== Segment start ==
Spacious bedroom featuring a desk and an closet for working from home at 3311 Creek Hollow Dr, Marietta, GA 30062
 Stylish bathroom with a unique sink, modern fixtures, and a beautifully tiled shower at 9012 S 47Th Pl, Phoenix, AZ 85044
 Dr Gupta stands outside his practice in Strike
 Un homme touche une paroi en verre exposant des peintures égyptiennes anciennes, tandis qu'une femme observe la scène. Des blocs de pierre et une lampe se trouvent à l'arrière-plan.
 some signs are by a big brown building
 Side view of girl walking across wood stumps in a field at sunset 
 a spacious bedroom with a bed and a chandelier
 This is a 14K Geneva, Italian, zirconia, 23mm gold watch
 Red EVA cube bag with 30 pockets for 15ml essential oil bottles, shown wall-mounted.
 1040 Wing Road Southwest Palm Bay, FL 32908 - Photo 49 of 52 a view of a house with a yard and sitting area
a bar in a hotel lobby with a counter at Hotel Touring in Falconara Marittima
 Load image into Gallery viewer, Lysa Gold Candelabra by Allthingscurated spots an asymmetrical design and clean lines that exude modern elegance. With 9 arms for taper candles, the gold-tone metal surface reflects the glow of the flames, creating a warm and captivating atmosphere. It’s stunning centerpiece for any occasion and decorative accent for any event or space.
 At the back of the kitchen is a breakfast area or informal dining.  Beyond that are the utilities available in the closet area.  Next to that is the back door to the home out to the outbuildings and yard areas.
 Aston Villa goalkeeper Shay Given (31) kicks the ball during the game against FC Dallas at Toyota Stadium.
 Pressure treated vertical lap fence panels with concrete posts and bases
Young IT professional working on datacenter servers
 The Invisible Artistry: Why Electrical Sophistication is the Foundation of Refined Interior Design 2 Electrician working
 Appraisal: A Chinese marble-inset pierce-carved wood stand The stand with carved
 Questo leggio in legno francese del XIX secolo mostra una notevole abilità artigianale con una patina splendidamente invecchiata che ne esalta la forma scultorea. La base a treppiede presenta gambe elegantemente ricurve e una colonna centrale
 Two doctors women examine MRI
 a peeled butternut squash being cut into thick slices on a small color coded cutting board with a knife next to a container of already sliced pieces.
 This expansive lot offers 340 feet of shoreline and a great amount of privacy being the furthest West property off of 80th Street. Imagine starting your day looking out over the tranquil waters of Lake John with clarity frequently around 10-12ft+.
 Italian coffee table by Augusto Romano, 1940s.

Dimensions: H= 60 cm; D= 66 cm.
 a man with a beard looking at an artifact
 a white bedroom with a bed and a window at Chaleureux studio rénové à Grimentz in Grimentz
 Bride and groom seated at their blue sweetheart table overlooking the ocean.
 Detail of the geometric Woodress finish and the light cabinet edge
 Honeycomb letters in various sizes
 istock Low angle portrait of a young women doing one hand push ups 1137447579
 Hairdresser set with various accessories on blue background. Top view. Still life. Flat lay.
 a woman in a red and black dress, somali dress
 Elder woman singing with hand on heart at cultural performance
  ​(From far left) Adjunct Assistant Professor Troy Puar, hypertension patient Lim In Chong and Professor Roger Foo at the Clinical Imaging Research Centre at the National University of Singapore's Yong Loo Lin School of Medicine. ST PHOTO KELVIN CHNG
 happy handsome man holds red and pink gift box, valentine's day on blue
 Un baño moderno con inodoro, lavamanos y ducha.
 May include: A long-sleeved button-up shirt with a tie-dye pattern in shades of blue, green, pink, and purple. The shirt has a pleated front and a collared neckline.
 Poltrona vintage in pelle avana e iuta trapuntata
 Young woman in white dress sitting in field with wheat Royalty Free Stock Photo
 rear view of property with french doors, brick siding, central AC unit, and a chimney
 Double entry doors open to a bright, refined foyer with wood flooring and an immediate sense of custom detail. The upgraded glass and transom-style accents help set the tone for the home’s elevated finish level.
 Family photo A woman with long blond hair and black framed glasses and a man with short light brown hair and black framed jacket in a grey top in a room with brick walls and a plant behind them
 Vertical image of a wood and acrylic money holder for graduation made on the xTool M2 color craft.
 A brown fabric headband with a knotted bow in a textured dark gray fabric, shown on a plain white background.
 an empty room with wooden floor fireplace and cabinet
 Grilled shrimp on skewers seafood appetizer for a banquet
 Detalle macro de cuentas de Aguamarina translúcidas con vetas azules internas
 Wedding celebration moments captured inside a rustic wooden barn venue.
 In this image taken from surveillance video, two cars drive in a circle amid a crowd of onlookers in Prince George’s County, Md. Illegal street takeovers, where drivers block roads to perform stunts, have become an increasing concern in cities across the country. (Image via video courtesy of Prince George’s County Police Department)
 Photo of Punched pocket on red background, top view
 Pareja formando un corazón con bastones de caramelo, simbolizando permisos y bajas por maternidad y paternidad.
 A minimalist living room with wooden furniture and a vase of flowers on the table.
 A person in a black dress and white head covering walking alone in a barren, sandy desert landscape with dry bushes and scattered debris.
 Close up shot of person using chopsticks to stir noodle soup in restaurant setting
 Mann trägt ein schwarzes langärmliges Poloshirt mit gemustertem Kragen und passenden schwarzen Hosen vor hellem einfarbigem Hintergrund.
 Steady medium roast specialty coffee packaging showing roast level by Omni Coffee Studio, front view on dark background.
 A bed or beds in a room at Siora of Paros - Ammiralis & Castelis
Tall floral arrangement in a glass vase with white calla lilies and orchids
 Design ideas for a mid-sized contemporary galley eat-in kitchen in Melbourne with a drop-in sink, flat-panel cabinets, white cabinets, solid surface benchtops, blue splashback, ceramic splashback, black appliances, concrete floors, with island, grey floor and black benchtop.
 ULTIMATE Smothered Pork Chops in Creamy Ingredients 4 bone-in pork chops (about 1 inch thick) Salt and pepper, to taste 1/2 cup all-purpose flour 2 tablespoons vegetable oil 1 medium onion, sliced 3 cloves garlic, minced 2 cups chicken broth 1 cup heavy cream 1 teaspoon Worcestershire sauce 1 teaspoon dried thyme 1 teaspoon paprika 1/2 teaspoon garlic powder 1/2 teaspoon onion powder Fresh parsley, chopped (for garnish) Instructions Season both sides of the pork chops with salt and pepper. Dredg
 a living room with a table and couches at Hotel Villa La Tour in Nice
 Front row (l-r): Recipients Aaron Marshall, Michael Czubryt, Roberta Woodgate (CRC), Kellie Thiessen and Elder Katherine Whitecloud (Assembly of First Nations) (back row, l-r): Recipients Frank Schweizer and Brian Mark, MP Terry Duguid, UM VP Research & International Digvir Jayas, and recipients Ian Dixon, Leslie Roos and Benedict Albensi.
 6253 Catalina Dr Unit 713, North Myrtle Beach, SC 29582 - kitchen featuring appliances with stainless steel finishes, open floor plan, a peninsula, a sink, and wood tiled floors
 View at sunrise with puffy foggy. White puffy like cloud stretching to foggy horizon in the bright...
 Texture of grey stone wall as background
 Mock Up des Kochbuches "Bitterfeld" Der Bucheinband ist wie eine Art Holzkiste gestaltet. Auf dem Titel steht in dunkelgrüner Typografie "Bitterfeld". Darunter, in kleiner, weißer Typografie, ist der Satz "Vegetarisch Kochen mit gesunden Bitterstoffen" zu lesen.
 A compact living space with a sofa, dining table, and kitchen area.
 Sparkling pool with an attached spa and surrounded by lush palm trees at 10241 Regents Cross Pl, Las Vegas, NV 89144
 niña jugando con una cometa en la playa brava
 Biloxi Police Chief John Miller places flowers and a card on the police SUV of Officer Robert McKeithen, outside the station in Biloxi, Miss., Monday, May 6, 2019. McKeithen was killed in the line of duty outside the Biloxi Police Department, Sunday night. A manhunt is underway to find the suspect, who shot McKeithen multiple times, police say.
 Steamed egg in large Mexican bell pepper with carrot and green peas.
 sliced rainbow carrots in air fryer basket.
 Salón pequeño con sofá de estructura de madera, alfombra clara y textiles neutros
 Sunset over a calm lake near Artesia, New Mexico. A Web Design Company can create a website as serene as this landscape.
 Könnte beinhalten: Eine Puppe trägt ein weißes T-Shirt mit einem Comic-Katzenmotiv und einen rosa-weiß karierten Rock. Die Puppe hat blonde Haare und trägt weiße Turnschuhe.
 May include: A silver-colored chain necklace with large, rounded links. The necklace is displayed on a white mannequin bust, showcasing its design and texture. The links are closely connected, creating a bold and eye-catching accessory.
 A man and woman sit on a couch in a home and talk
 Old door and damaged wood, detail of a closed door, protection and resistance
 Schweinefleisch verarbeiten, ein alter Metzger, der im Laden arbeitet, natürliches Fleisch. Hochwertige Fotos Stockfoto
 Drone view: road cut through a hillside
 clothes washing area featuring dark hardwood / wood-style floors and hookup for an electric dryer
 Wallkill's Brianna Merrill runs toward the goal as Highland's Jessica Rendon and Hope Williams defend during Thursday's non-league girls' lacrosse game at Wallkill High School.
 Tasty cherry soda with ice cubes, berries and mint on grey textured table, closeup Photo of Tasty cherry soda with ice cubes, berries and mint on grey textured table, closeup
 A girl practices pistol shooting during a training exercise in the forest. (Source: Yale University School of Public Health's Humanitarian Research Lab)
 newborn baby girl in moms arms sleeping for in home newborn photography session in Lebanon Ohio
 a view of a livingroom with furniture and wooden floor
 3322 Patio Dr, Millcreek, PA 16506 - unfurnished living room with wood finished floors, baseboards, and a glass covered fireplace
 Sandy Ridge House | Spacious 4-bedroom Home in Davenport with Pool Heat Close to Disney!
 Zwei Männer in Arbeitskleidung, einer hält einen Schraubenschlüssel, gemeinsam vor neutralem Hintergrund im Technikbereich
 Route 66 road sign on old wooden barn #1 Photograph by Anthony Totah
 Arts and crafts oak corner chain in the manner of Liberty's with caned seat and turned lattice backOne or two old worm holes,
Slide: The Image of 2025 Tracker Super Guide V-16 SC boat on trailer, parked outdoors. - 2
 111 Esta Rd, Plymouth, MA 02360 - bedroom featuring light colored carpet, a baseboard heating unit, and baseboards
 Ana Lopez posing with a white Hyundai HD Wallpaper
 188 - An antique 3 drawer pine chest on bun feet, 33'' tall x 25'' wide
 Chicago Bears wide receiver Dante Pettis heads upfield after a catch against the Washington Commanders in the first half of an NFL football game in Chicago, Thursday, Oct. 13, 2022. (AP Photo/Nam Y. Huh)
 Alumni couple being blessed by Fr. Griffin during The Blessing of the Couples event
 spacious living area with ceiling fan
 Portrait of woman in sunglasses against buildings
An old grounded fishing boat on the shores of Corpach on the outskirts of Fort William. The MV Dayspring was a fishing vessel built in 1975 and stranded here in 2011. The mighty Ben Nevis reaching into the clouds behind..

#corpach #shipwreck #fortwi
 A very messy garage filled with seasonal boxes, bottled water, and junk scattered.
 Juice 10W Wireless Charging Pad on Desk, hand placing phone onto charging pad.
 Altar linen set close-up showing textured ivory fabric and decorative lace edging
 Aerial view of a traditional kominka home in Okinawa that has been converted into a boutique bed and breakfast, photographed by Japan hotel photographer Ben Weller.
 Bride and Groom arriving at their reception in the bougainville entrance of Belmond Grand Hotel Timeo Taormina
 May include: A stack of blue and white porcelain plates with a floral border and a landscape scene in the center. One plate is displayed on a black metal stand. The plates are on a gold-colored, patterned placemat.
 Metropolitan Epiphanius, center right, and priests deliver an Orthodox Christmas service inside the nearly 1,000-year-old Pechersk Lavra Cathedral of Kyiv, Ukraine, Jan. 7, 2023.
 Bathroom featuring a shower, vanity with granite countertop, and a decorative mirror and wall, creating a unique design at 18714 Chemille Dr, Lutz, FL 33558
== Segment end ==
TASK DETAILS
From the material above, copy exactly the lines between the line holding "Photo of Punched" and the line holding "ULTIMATE Smothered Pork", inclusive, and only those.

RESULT
 Photo of Punched pocket on red background, top view
 Pareja formando un corazón con bastones de caramelo, simbolizando permisos y bajas por maternidad y paternidad.
 A minimalist living room with wooden furniture and a vase of flowers on the table.
 A person in a black dress and white head covering walking alone in a barren, sandy desert landscape with dry bushes and scattered debris.
 Close up shot of person using chopsticks to stir noodle soup in restaurant setting
 Mann trägt ein schwarzes langärmliges Poloshirt mit gemustertem Kragen und passenden schwarzen Hosen vor hellem einfarbigem Hintergrund.
 Steady medium roast specialty coffee packaging showing roast level by Omni Coffee Studio, front view on dark background.
 A bed or beds in a room at Siora of Paros - Ammiralis & Castelis
Tall floral arrangement in a glass vase with white calla lilies and orchids
 Design ideas for a mid-sized contemporary galley eat-in kitchen in Melbourne with a drop-in sink, flat-panel cabinets, white cabinets, solid surface benchtops, blue splashback, ceramic splashback, black appliances, concrete floors, with island, grey floor and black benchtop.
 ULTIMATE Smothered Pork Chops in Creamy Ingredients 4 bone-in pork chops (about 1 inch thick) Salt and pepper, to taste 1/2 cup all-purpose flour 2 tablespoons vegetable oil 1 medium onion, sliced 3 cloves garlic, minced 2 cups chicken broth 1 cup heavy cream 1 teaspoon Worcestershire sauce 1 teaspoon dried thyme 1 teaspoon paprika 1/2 teaspoon garlic powder 1/2 teaspoon onion powder Fresh parsley, chopped (for garnish) Instructions Season both sides of the pork chops with salt and pepper. Dredg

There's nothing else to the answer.